In another sign of the spreading international ramifications of the five-year-old Syrian war, Saudi Arabia said it was ready to participate in ground operations against Islamic State in Syria if the US-led alliance decided to launch them.
Photo: Reuters
The US welcomed Riyahd’s offer, which together with any Turkish incursion would further embroil regional powers in a conflict that pitches Sunni-backed fighters against Damascus and forces backed by Moscow and Shiite Iran.
The UN on Wednesday suspended the first peace talks in two years, halting an effort that seemed doomed from the start as the war raged unabated. However, Washington on Thursday said it was hopeful they would resume by the end of the month, and Russia said it expected that no later than Feb. 25.
Donors convened in London to tackle the refugee crisis created by the conflict. British Prime Minister David Cameron said they raised US$11 billion for Syrian humanitarian needs over the next four years.
Turkey said at the conference that up to 70,000 refugees from Aleppo were moving toward the border to escape air strikes.
Footage online showed hundreds of people, mostly women, children and the elderly, marching toward Turkey’s Onucpinar border gate, carrying carpets, blankets and food on their backs.
Four months of Russian airstrikes have tipped the momentum of the war in Syrian President Bashar al-Assad’s way. With Moscow’s help and allies, including Lebanon’s Hezbollah and Iranian fighters, the Syrian army is regaining areas on key fronts in the west.
Russia’s defense ministry said it had registered “a growing number of signs of hidden preparation of the Turkish Armed Forces for active actions on the territory of Syria.”
Any Turkish incursion would risk direct confrontation between Russia and a NATO member.
“The Russians are trying to hide their crimes in Syria,” a senior official in Turkish Prime Minister Ahmet Davutoglu’s office said.

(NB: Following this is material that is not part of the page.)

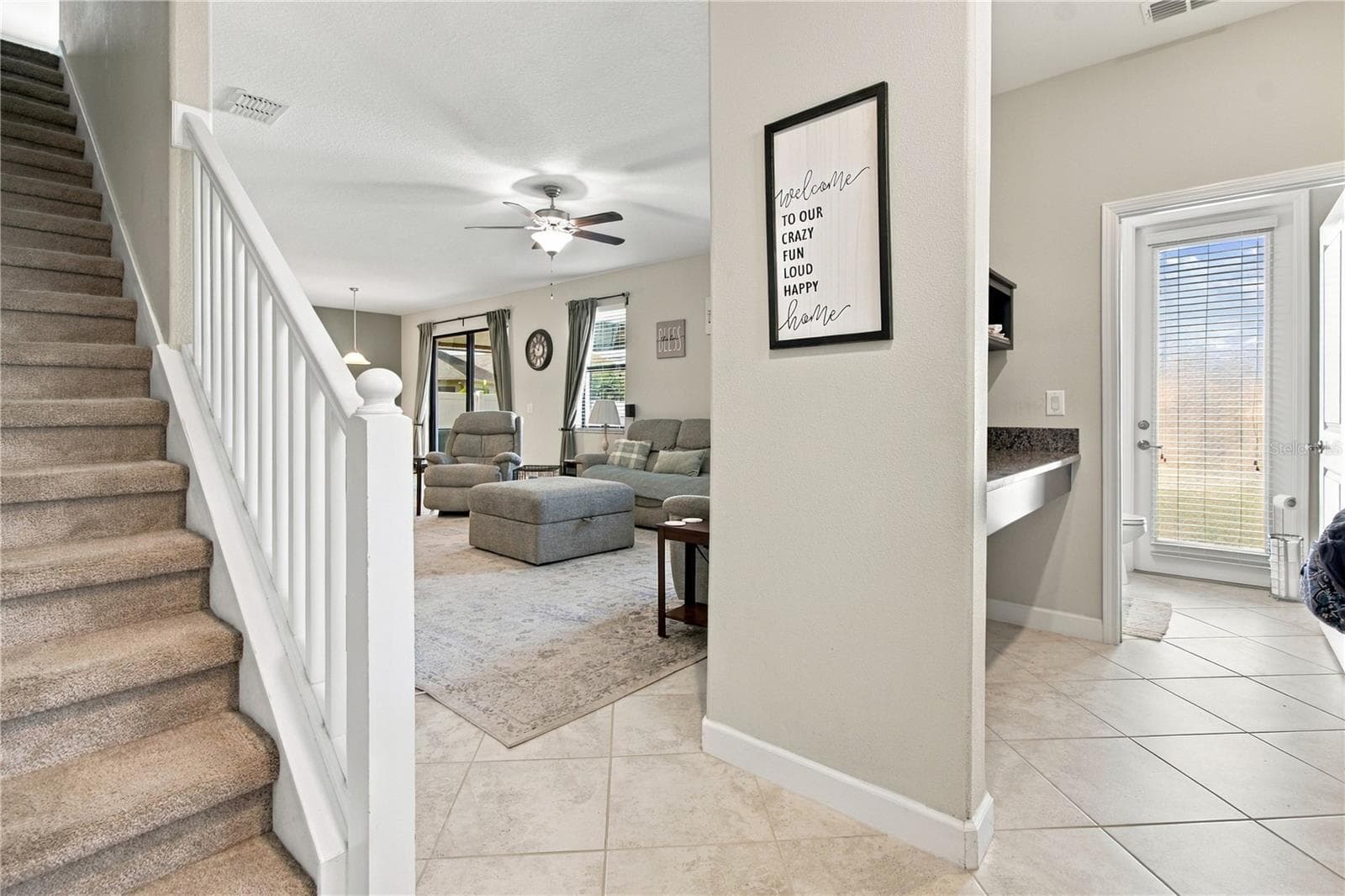 Mudroom - living room view - 4195 SHREWBURY PL, LAND O LAKES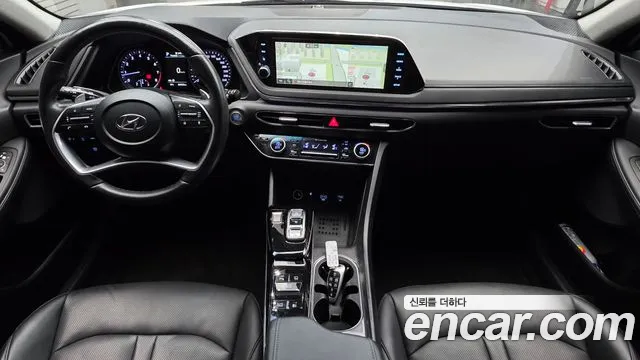 Hyundai Sonata — Фото автомобиля 10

“They are simply diverting attention from their attacks on civilians as a country already invading Syria. Turkey has all the rights to take any measures to protect its own security,” the official said.
In London, Davutoglu said the “humanitarian logistic corridor” between Turkey and Aleppo was “under the invasion of these foreign fighters and regime forces [with] the support of Russian warplanes.”
“What they want to do in Aleppo today is exactly what they did in Madaya before, a siege of starvation,” he added.
Davutoglu pledged that whatever the cost, Turkey’s door would remain open to all Syrians. It has already taken in more than 2.5 million.
Relations between Russia and Turkey have deteriorated badly since Turkey shot down a Russian warplane near the Syrian border in November.
US Department of State spokesman John Kirby declined to comment on Turkish military operations on the Syrian border, saying only: “They are working to secure that stretch of border, but I’m not going to comment on specific military activities of another nation inside their borders.”
Aleppo, just 50km south of the Turkish border, is a major strategic prize in the war and is currently divided into areas of government and opposition control. Many of the rebels fighting in and around the city have close ties to Turkey.
This week, three days of intensive Russian bombing helped the army and allied fighters to sever a major supply line to the northwest of the city, in the process reaching two Shiite towns loyal to the government for the first time in three-and-a-half years.
The army source said operations to fully encircle Aleppo from the west would be launched soon.
A senior, non-Syrian security source close to Damascus said Iranian fighters had played a crucial role.
“Qassem Soleimani is there in the same area,” said the source, referring to the head of the Iranian Revolutionary Guards’ elite Quds force responsible for overseas operations.
Residents thanked al-Assad, Iran and Hezbollah in celebratory scenes from the Shiite towns of Nubul and al-Zahraa broadcast by Hezbollah’s al-Manar TV.
Meanwhile, the powerful Kurdish YPG militia, which controls wide areas of northern Syria, added to the pressure on insurgents, capturing two villages near Nubul and al-Zahraa, the Syrian Observatory for Human Rights reported.
The Syrian Kurds have consistently denied opposition claims that they cooperate with Damascus.
In the south, the Syrian army and its allies recaptured a town near the city of Daraa, building on gains made last week and also backed by intensive aerial bombardment.
The seizure of Ataman would allow the government to reassert control over most parts of Daraa, near the Jordanian border.